Jim Landers teaches the Adult Education class offered by the Dornsife Center for Neighborhood Partnerships, a new organization at 35th and Spring Garden streets.
The organization is already making its mark in the community through an urban extension partnership with Drexel University.
Education and job placement and readiness programs are just one facet of the services the Dornsife Center offers the people of West Philadelphia.
Landers is an adult education veteran, having worked on the Mayor’s Commission on Literacy for 22 years. His students at the Dornsife Center are part of an ongoing six-week GED prep course and all have entered the class at different levels of readiness.
“Some feel strong enough to pass three out of the 5 tests,” Landers said. “But weaker in the other two, usually math and/or writing.”
The GED test is changing next year. All previous scores from all previous tests will be erased and applicants will have to start over.
“Basically those who aren’t ready to take and pass all five parts of the test by then will have to prepare for a completely new test,” Landers said.
The participants at Dornsife don’t seem to feel the crunch, however.

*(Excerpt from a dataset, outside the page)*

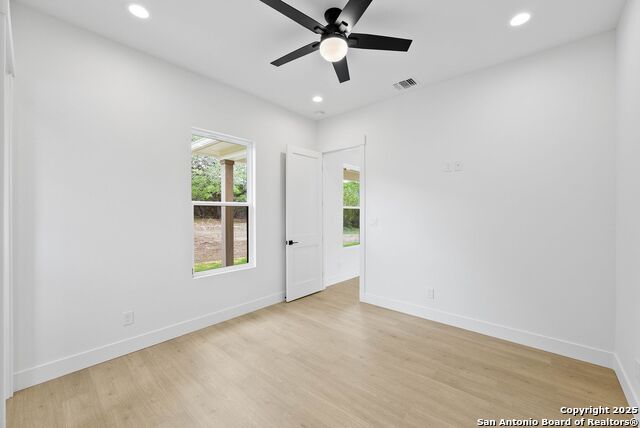 Image 33 of 50 For 265 Vaquero Dr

Attendance among the class members, many of whom have jobs and families to attend to aside from class, is sporadic, Landers said.

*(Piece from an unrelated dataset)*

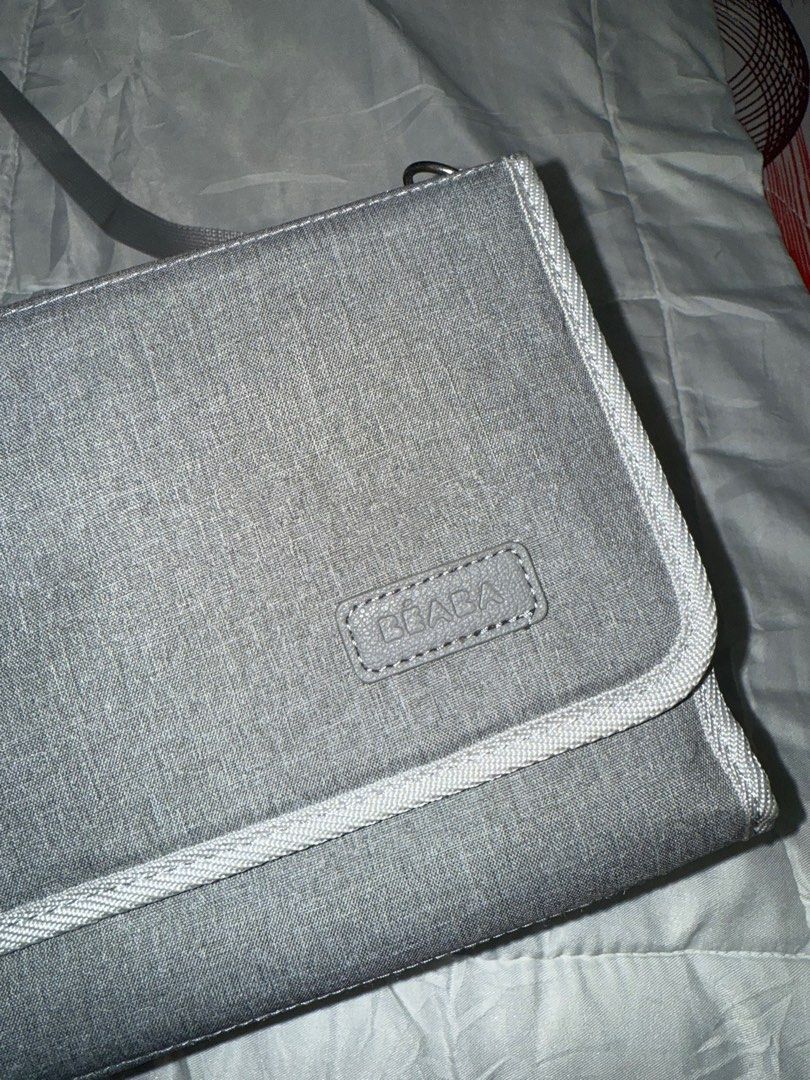 BEABA On-The-Go Changing Pouch (Category: Diaper Bags & Wetbags) located in Koronadal. Submitted by hlcstll (Listing ID 1398808031, Image 2). Description: Bought for 2,850 pesos. Opened but never been used. Nakatambak na lang. Practical and compact: it allows you to carry your baby’s essentials in a small mobile pouch Multi-purpose: it can be carried by hand, slung over the shoulder and attached to a pushchair Space-saving: can hold up to 4 nappi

“I understand that people have lives but if you’re serious about something like this you have to take ownership of it,” Landers said.
Still, many in the class are in danger of not making the cutoff date.
When asked what kind of support the class would need in order to be ready, Landers pointed out the university reaches out to participants and stresses there are jobs available through Drexel, thus providing incentive to earn the GED as soon as possible.
In addition, Drexel provides computer training. Many of the participants in the Adult Education program also make use of the Dornsife computer literacy classes and public access computers.
However, the participants here are dealing with, “not so much a lack of access as a lack of interest,” Landers said.
Three students showed up to the last session, and there’s no guarantee that they’ll come back for the next.
January first still looms, how many will have earned their GED by then and moved on? At this rate, Landers said he is not optimistic.
“For students prepping for the new GED test, one or two hours a week won’t be enough,” he said.